STORED DATA Start Marker
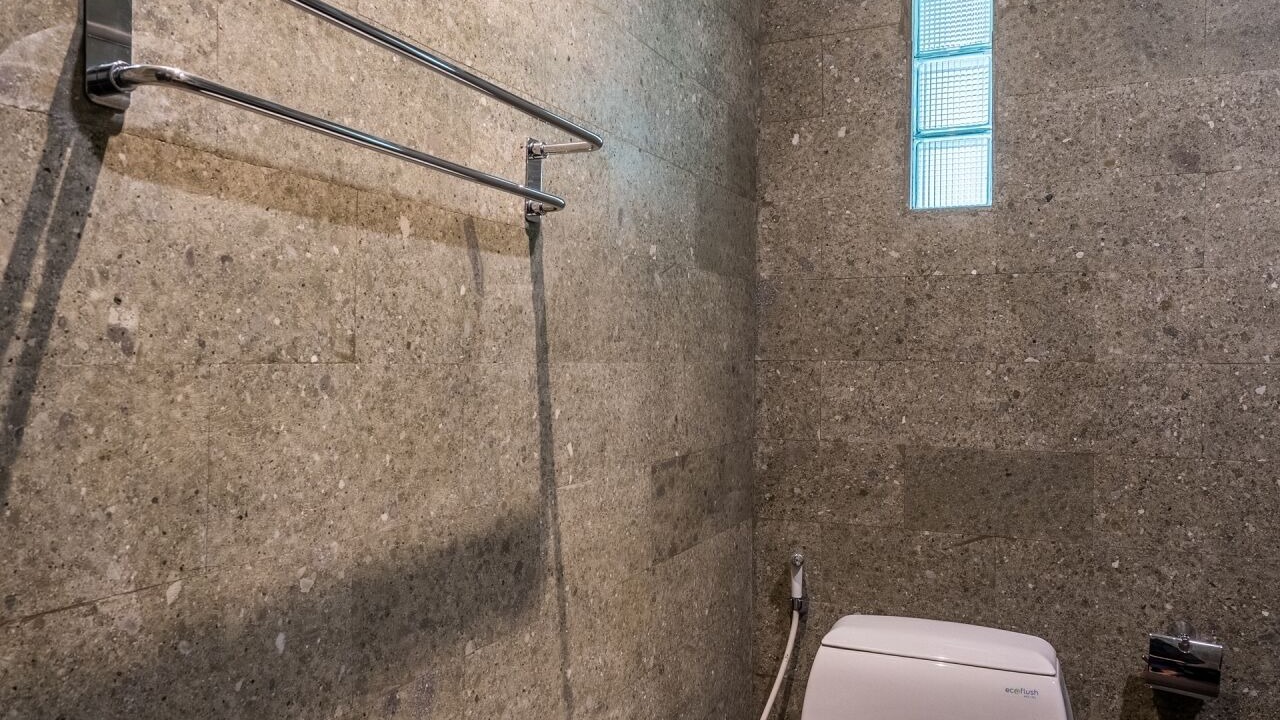 Photo of Bathroom in Singakerta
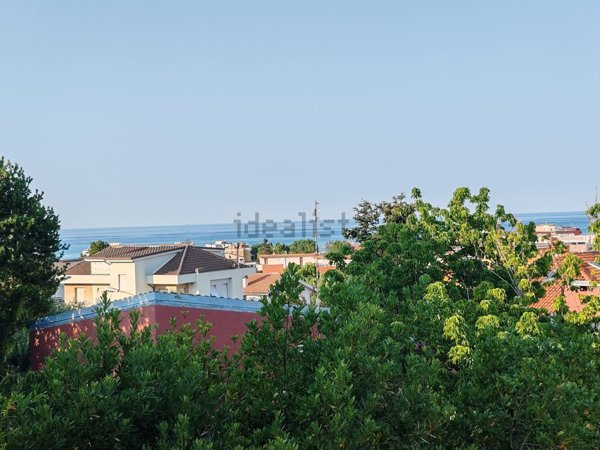 casa indipendente in vendita a Montemarciano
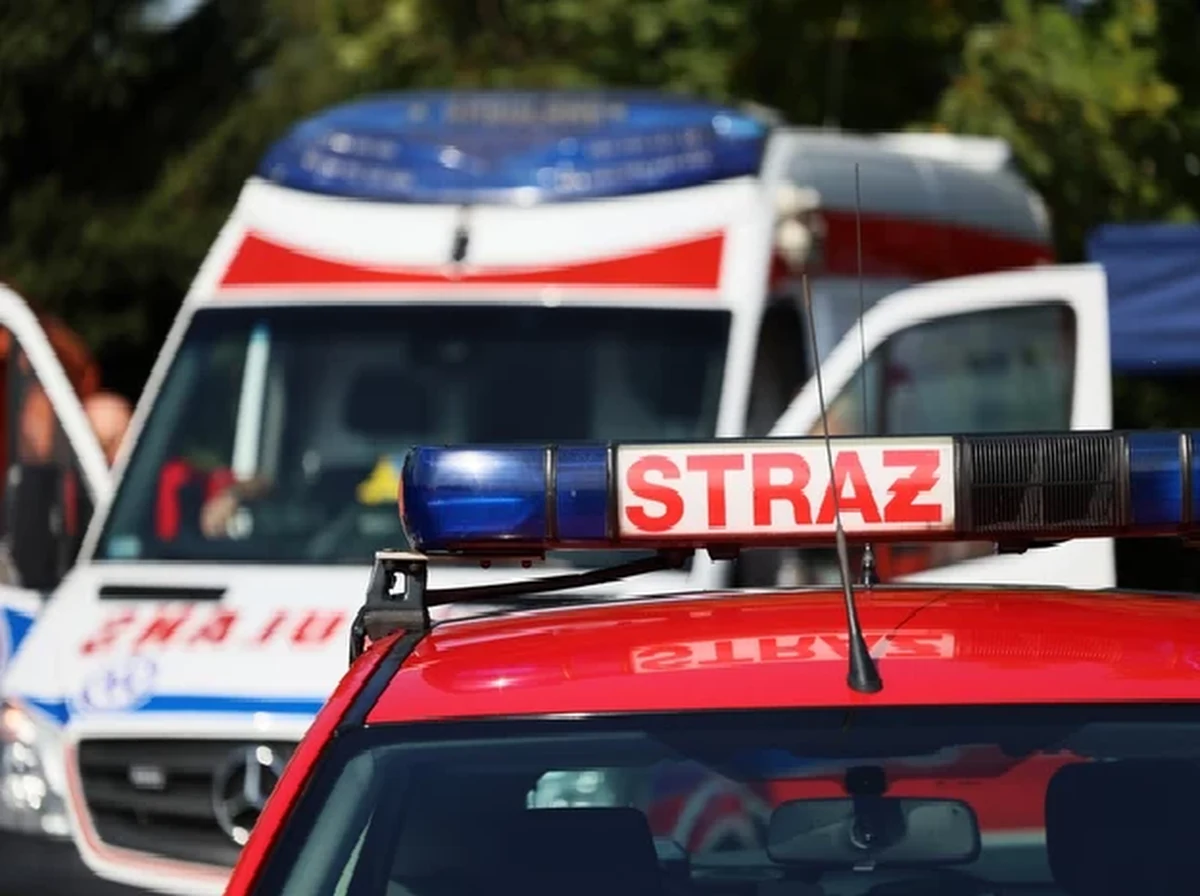 Przyczyną śmierci trzech mężczyzn z Unisławia (Kujawsko-Pomorskie) było zatrucie tlenkiem węgla. Piątkowe pomiary strażaków nie wykazywały jego obecności w mieszkaniu, ale sekcja zwłok wskazuje na taką właśnie przyczynę zgonu. Śmierć mężczyzn miała nastąpić wiele godzin wcześniej.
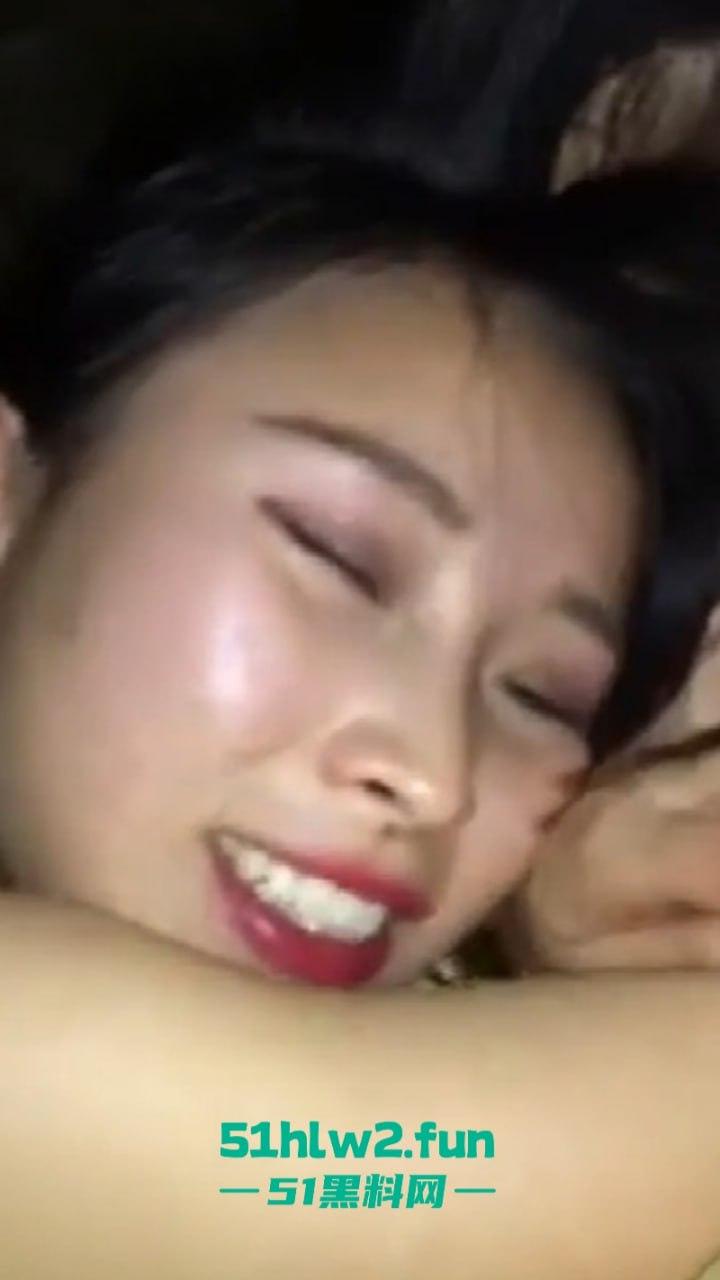 一根黑屌睡了100多个孩子妈,广州天河区贵族幼儿园黑人外教多段操白逼视频外网曝光。-10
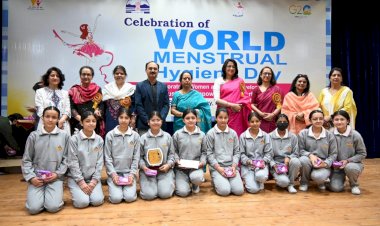 महिलाओं के लिए आत्मसम्मान एवं स्वास्थ्य का मुद्दा है...... मासिक धर्म एवं स्वच्छता - एम सुधा देवी.... विश्व मासिक धर्म एवं स्वच्छता दिवस के अवसर पर  राज्य स्तरीय कार्यक्रम का  आयोजन.....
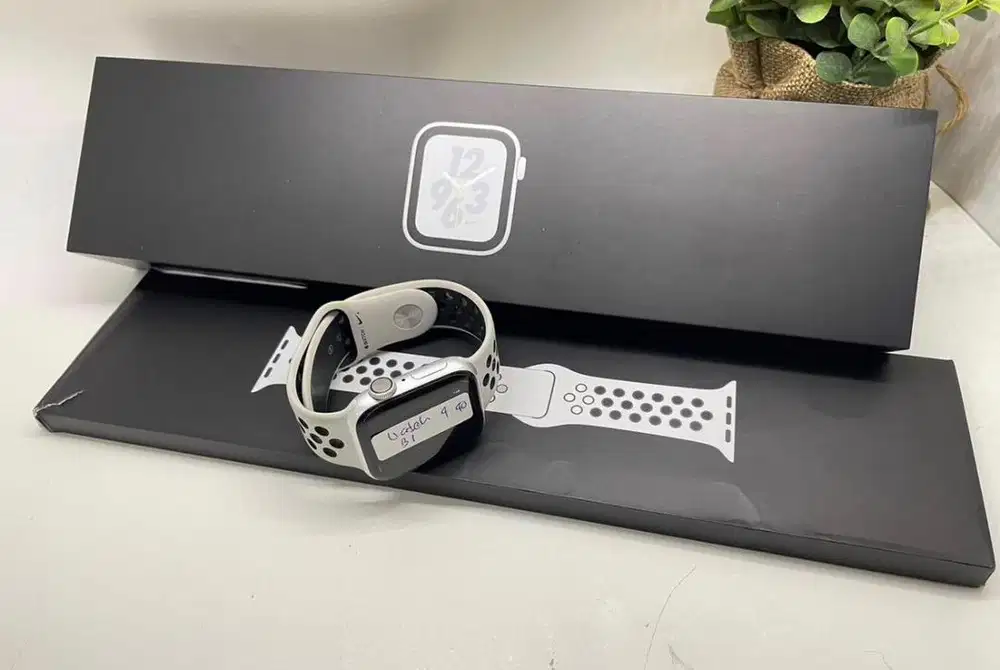 iWatch 4, 40MM, iBox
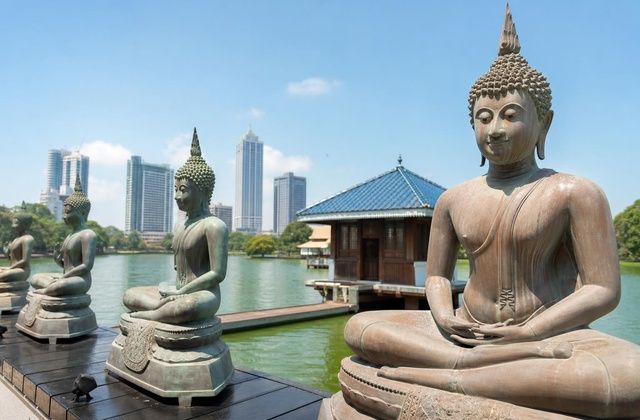 Em Colombo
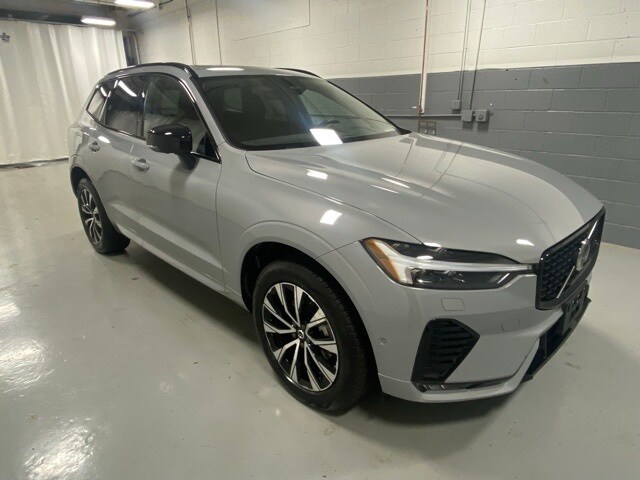 2025 Volvo XC60 B5 Plus photo 4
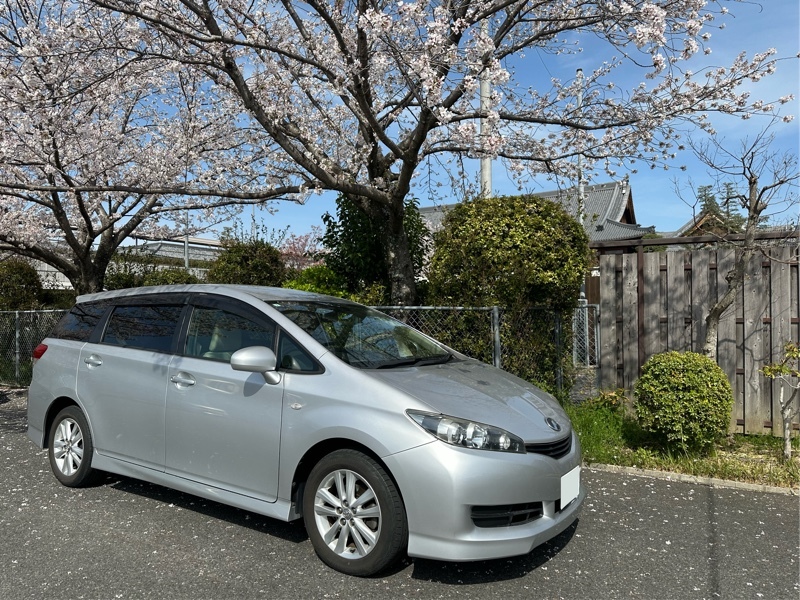 トヨタ ウィッシュ 1.8X“HIDセレクション”_7人乗り_(CVT_1.8)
STORED DATA End Marker
→ PROBLEM STATEMENT
From the first line to the last, return the records exactly and leave the pictures behind.

→ REPLY
 Photo of Bathroom in Singakerta
 casa indipendente in vendita a Montemarciano
 Przyczyną śmierci trzech mężczyzn z Unisławia (Kujawsko-Pomorskie) było zatrucie tlenkiem węgla. Piątkowe pomiary strażaków nie wykazywały jego obecności w mieszkaniu, ale sekcja zwłok wskazuje na taką właśnie przyczynę zgonu. Śmierć mężczyzn miała nastąpić wiele godzin wcześniej.
 一根黑屌睡了100多个孩子妈,广州天河区贵族幼儿园黑人外教多段操白逼视频外网曝光。-10
 महिलाओं के लिए आत्मसम्मान एवं स्वास्थ्य का मुद्दा है...... मासिक धर्म एवं स्वच्छता - एम सुधा देवी.... विश्व मासिक धर्म एवं स्वच्छता दिवस के अवसर पर  राज्य स्तरीय कार्यक्रम का  आयोजन.....
 iWatch 4, 40MM, iBox
 Em Colombo
 2025 Volvo XC60 B5 Plus photo 4
 トヨタ ウィッシュ 1.8X“HIDセレクション”_7人乗り_(CVT_1.8)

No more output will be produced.